*The task*
Search the entries for the word "Black" and report each line that has it.

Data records
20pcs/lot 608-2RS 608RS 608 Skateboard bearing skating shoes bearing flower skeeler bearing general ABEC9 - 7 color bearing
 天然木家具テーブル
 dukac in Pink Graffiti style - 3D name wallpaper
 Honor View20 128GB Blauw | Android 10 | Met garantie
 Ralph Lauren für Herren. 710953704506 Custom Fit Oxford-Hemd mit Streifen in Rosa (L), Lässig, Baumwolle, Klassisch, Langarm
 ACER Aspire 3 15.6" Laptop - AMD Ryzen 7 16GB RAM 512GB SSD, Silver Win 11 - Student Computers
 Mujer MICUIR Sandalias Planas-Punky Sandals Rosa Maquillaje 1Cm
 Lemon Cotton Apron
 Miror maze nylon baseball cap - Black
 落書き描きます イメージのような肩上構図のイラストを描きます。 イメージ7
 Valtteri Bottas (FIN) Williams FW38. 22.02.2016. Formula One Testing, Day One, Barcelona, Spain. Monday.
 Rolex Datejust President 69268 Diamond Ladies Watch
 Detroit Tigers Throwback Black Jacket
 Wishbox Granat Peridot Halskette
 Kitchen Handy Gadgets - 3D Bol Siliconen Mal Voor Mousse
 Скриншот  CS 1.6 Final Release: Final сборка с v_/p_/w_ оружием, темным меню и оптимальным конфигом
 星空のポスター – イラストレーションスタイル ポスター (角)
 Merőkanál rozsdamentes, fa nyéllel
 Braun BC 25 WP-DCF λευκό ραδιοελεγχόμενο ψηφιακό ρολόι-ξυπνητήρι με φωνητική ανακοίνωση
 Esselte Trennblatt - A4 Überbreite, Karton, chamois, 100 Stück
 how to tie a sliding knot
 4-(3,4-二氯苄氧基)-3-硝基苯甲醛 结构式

*Completed task*
 Miror maze nylon baseball cap - Black
 Detroit Tigers Throwback Black Jacket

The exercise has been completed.